If a workplace doesn’t offer paid parental leave, the solution, though possibly difficult to achieve on a political level, is obvious: paid parental leave. The climate issues that lead to secret parenting are more nebulous, and thus seem more difficult to fix. But perhaps the answer is just as clear. Fight the culture that encourages secret parenting by … not parenting secretly. Eventually, your colleagues will adapt.
Read: Why American moms can’t get enough expert parenting advice
This change cannot come from the lowest rungs of the organization. More senior employees must take the lead. Two kids in, I’m now a tenured full professor. I am on the other side, so to speak. But my kids are still young—4 and 8—and I value seeing them every day for dinner; I do not like to travel much. Not too long ago, I would have explained away my time constraints with other obligations or been vague about them.
But I try consciously not to do that now. I tell people, “I’m sorry, I do not do meetings after 5 p.m., because of my children.” Or even, “Sorry, but today I’m leaving at 3:30 because I’ve been traveling a lot and I promised my kids I’d come home early to make cookies.” And I particularly try to say things like that around more junior colleagues, those who might wonder whether it is okay for them to have these constraints. I have pictures of my kids up everywhere, and right now I’m looking at a child’s mitten, which has been sitting on my desk since sometime in December. One glance around my office, and you’d know I’m a parent.
Nor can women, even senior women, change the tenor of their workplaces alone. Men have to do it also. Parenting is not a mom-only activity. Men also want to see their kids, to be there for dinner, for bedtime.

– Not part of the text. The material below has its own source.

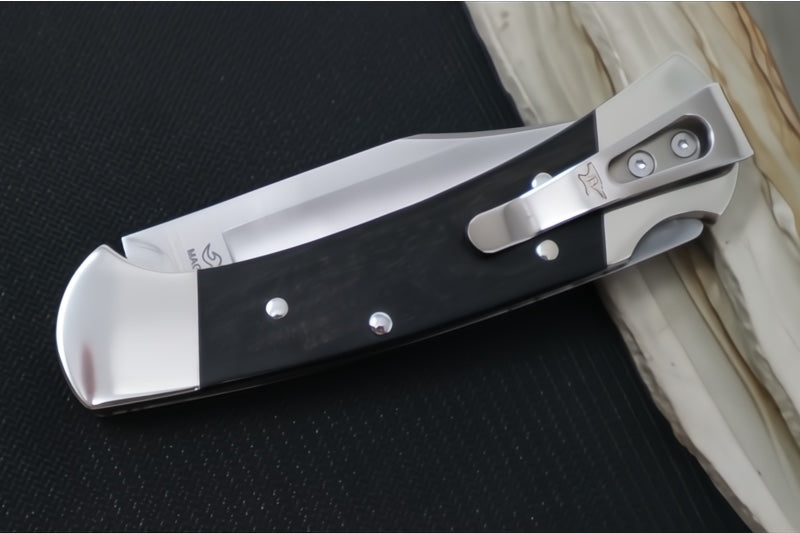 Buck 112 Ranger Slim Heritage Elite Knife- Clip Point Blade / CPM-Magnacut Steel / Ebony Wood Handles with Nickel Silver Bolsters 14528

Once parents start acknowledging their child-care obligations openly, the need for specific changes may become apparent. For example, little kids go to sleep early. The hours between, say, 5 p.m. and 8 p.m. are really central for parents. What if they spoke up about that more? Employers might then see the benefit of making clear to parents that they needn’t fulfill their work obligations within the confines of a traditional day. Many of us would be happy to log on before our kids are up or after they are in bed. For me, a phone call at 8:15 p.m. is infinitely better than a meeting at 6 p.m. Openness about, say, sickness would also force employers to confront that even the best-laid child-care plans break down. Parents should have the flexibility to (occasionally) have a kid in their office or, better yet, be given access to emergency child care.
Put simply, mothers and fathers ought to come clean about the nature of their lives. We can’t fix problems that we pretend don’t exist; we can’t improve the lot of parents at work if we pretend we aren’t parents.